015.jpg a Syrian Town and Its Outskirts After an Egyptian
Army Had Passed Through It
     Drawn by Boudier, from a photograph by Gayet.

In spite of all this, some head-strong native princes never relinquished the hope of freedom, and no sooner had they made good the breaches in their walls as far as they were able, than they entered once more on this unequal contest, though at the risk of bringing irreparable disaster on their country. The majority of them, after one such struggle, resigned themselves to the inevitable, and fulfilled their feudal obligations regularly. They paid their fixed contribution, furnished rations and stores to the army when passing through their territory, and informed the ministers at Thebes of any intrigues among their neighbours.* Years elapsed before they could so far forget the failure of their first attempt to regain independence, as to venture to make a second, and expose themselves to fresh reverses.
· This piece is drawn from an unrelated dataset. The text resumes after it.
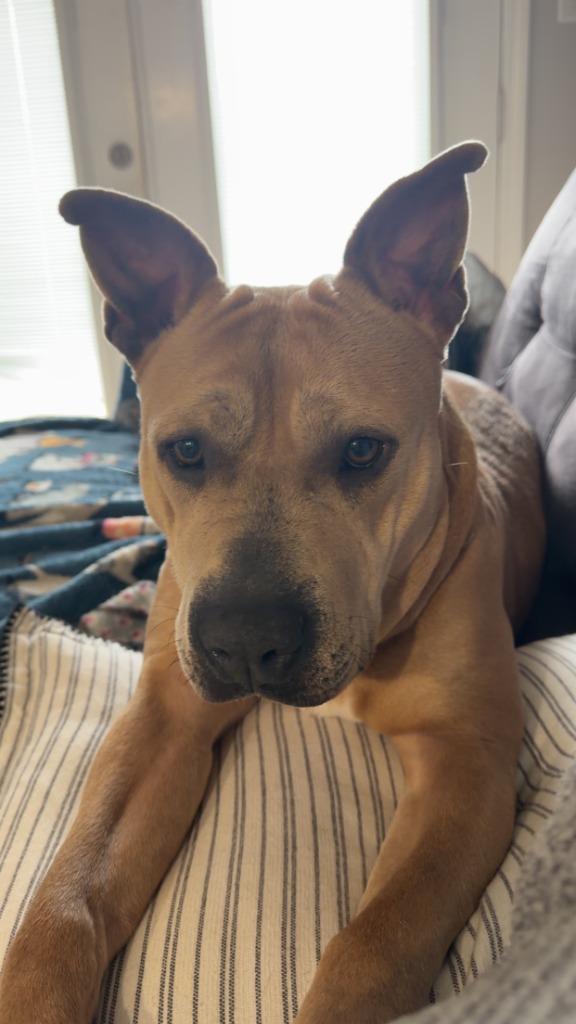 Maka, Adoptable, Young Female Pit Bull Terrier.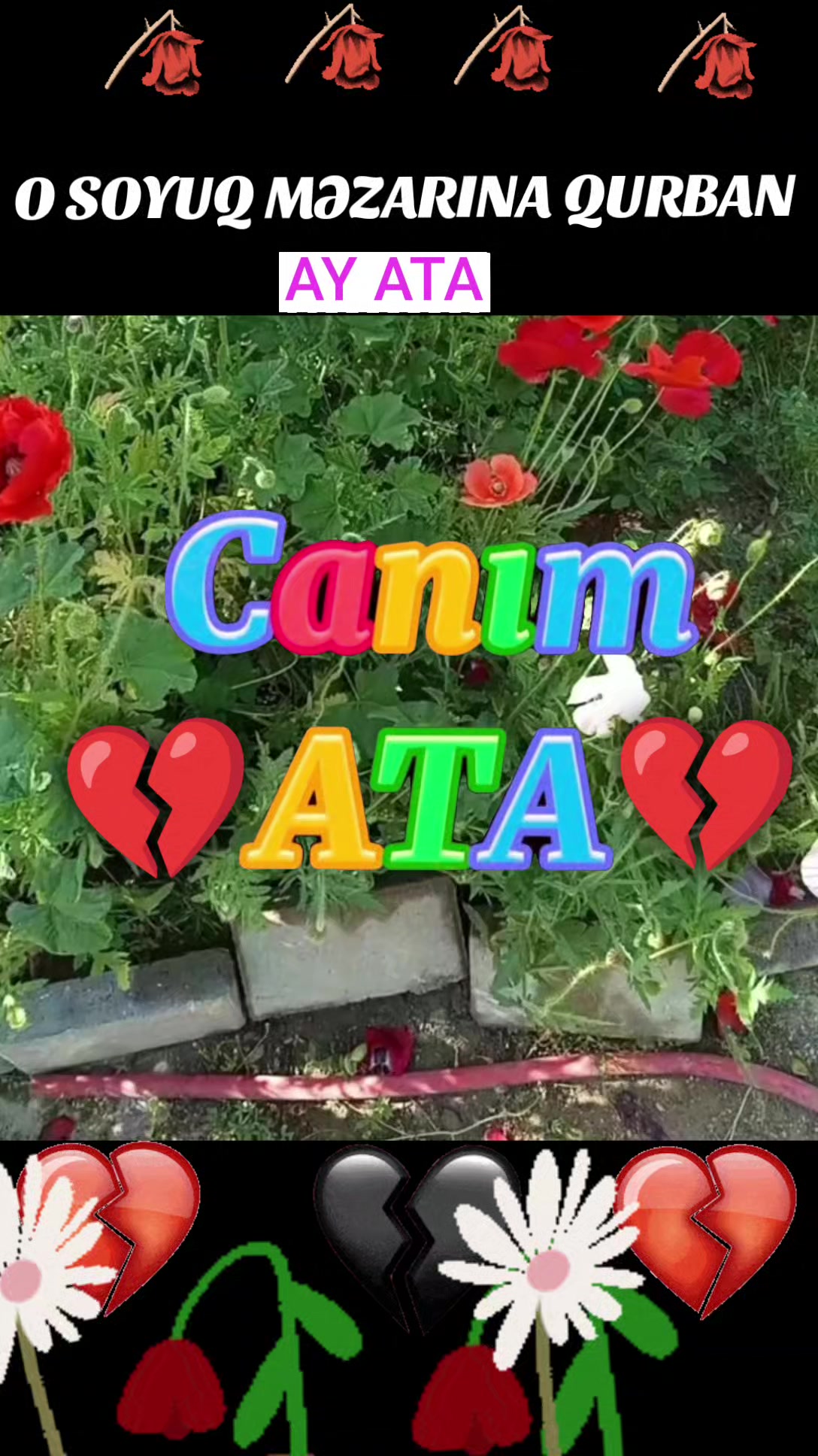 @Müqəddəs baba-1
The administration of so vast an empire entailed but a small expenditure on the Egyptians, and required the offices of merely a few functionaries.** The garrisons which they kept up in foreign provinces lived on the country, and were composed mainly of light troops, archers, a certain proportion of heavy infantry, and a few minor detachments of chariotry dispersed among the principal fortresses.***

     * We find in the Annals, in addition to the enumeration of
     the tributes, the mention of the foraging arrangements which
     the chiefs were compelled to make for the army on its
     passage. We find among the tablets letters from Aziru
     denouncing the intrigues of the Khâti; letters also of
     Ribaddu pointing out the misdeeds of Abdashirti, and other
     communications of the same nature, which demonstrate the
     supervision exercised by the petty Syrian princes over each
     other.

     ** Under Thûtmosis III. we have among others "Mir," or "Nasi
     sîtû mihâtîtû," "governors of the northern countries," the
     Thûtîi who became afterwards a hero of romance. The
     individuals who bore this title held a middle rank in the
     Egyptian hierarchy.

     *** The archers—pidâtid, pidâti, pidâte—and the
     chariotry quartered in Syria are often mentioned in the Tel
     el-Amarna correspondence. Steindorff has recognised the term
     -ddû aûîtû, meaning infantry, in the word ûeû, ûiû, of the
     Tel el-Amarna tablets.

The officers in command had orders to interfere as little as possible in local affairs, and to leave the natives to dispute or even to fight among themselves unhindered, so long as their quarrels did not threaten the security of the Pharaoh.* It was never part of the policy of Egypt to insist on her foreign subjects keeping an unbroken peace among themselves. If, theoretically, she did not recognise the right of private warfare, she at all events tolerated its practice. It mattered little to her whether some particular province passed out of the possession of a certain Eibaddû into that of a certain Azîru, or vice versa, so long as both Eibaddû and Azîru remained her faithful slaves. She never sought to repress their incessant quarrelling until such time as it threatened to take the form of an insurrection against her own power. Then alone did she throw off her neutrality; taking the side of one or other of the dissentients, she would grant him, as a pledge of help, ten, twenty, thirty, or even more archers.**

     * A half at least of the Tel el-Amarna correspondence treats
     of provincial wars between the kings of towns and countries
     subject to Egypt—wars of Abdashirti and his son Azîru
     against the cities of the Phoenician coast, wars of
     Abdikhiba, or Abdi-Tabba, King of Jerusalem, against the
     chiefs of the neighbouring cities.

     ** Abimilki (Abisharri) demands on one occasion from the
     King of Egypt ten men to defend Tyre, on another occasion
     twenty; the town of Gula requisitioned thirty or forty to
     guard it. Delattre thinks that these are rhetorical
     expressions answering to a general word, just as if we
     should say "a handful of men"; the difference of value in
     the figures is to me a proof of their reality.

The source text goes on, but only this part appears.